DARPA's New Tools for Net Defenders, Cyber-Snoops

Noah Shachtman writes on Danger Room:

It’s getting harder and harder for the Pentagon’s cyber defenders to protect military networks – and for federal snoops to peek in on our e-mail. DARPA, the Pentagon’s way-out research arm, has an idea for how to keep up: use the laws of heat flow to monitor network traffic. It's part of a bigger push to make sure net protectors and digital surveillance type can keep up with the rising tide of e-mail, web-surfing, and other online activities.

We all know about Moore’s Law – that computer processors will double in strength and speed every 18 months. But network traffic is grows even faster, at nearly double the rate.

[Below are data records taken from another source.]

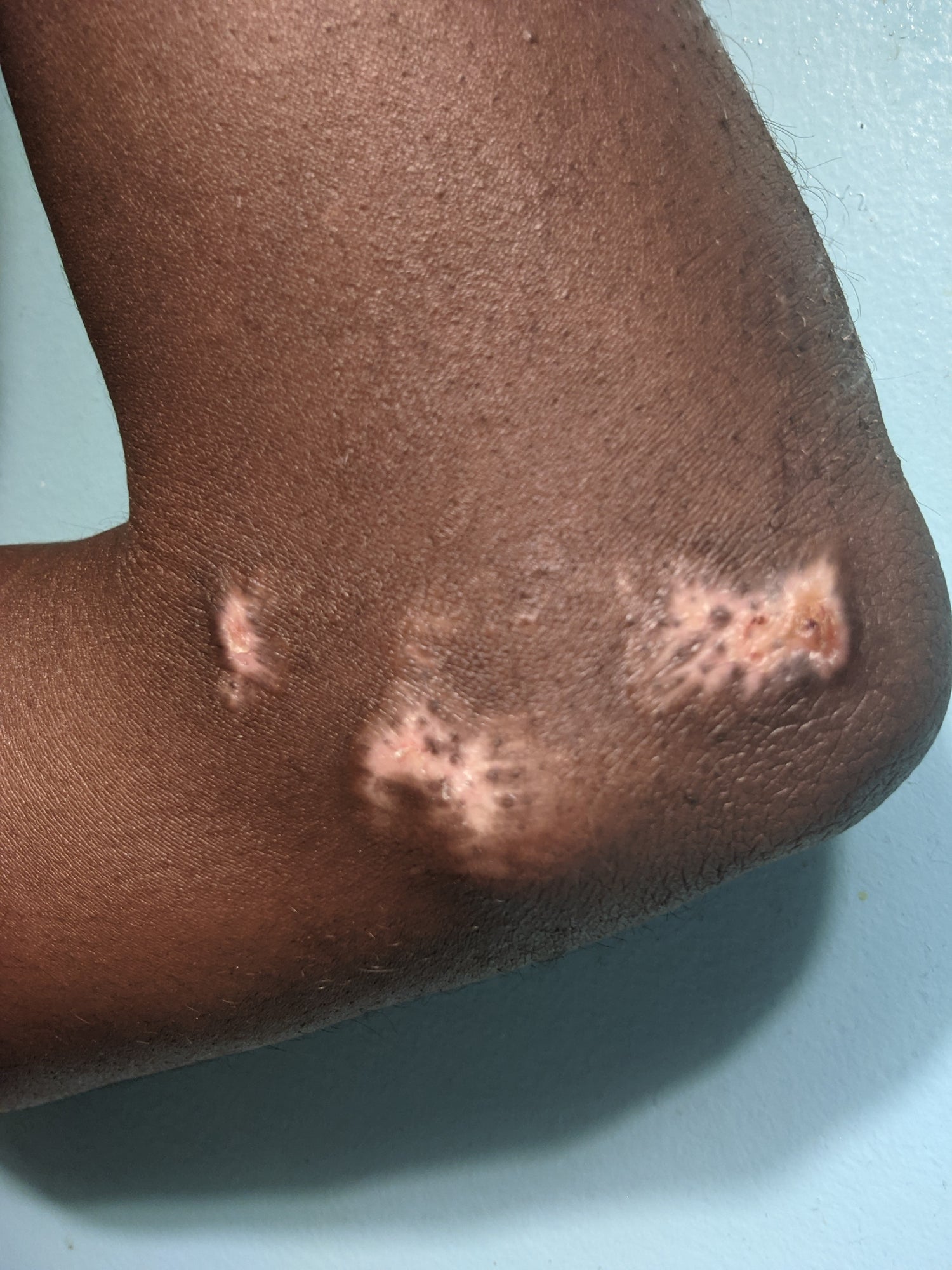 image comparison before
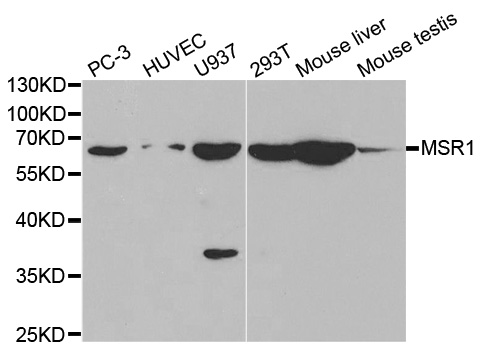 MSR1 / CD204 Antibody - Western blot analysis of extracts of various cell lines, using MSR1 antibody.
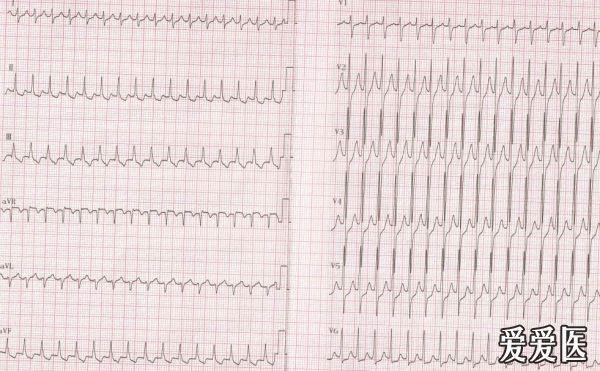 同一个患者会有室速,室上速同时发作吗?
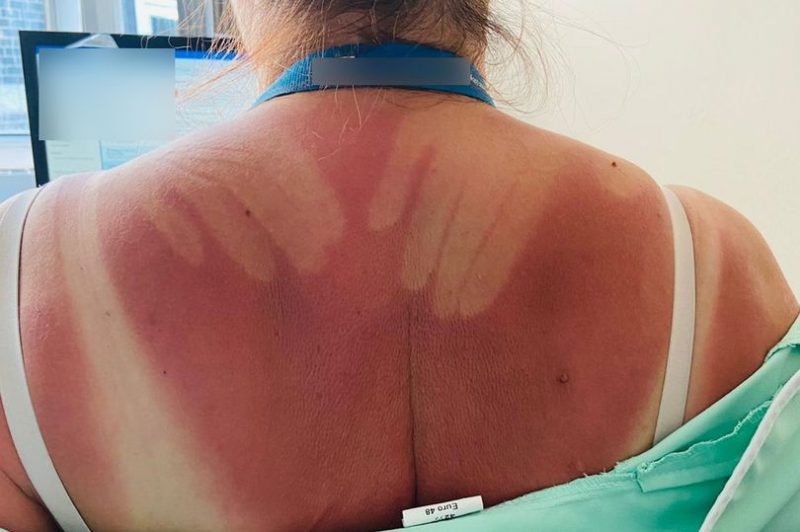 Manc mum&#8217;s sun cream fail leaves her looking like she spent the day &#8216;in arms of sexy hunk&#8217;, The Manc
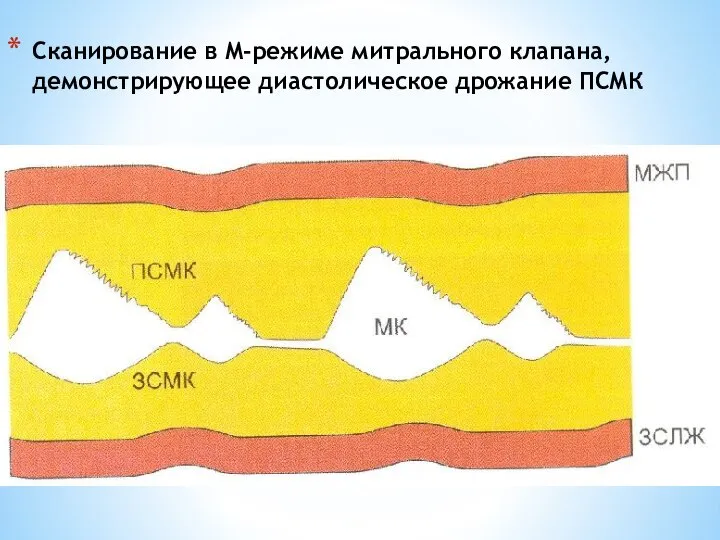 Сканирование в М-режиме митрального клапана, демонстрирующее диастолическое дрожание ПСМК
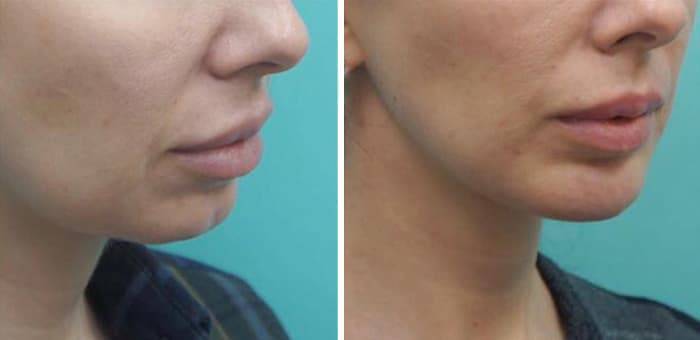 Топ-10 бюджетных идей для дома, которые делают его максимально комфортным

Every decade, the amount of packets expands a thousand-fold.

That’s a major worry for the Pentagon, and its cybersecurity pros. All that increased traffic means more bits to scan for viruses and other malicious code. If today’s trends keep up, DARPA program manager Brian Hearing tells DANGER ROOM, “we’d use the majority of DOD [Department of Defense] computers to monitor network traffic. Which won’t happen, obviously. So our ability to detect will drop.”

So Hearing is launching a new program, Scalable Network Monitoring, that aims to detect 99% of the bad code in a torrent of traffic, a hundred gigabits per second (GPS) -- with only a single false alarm per day. He's leading a meeting in Virginia next week, to kickstart the effort.

More here.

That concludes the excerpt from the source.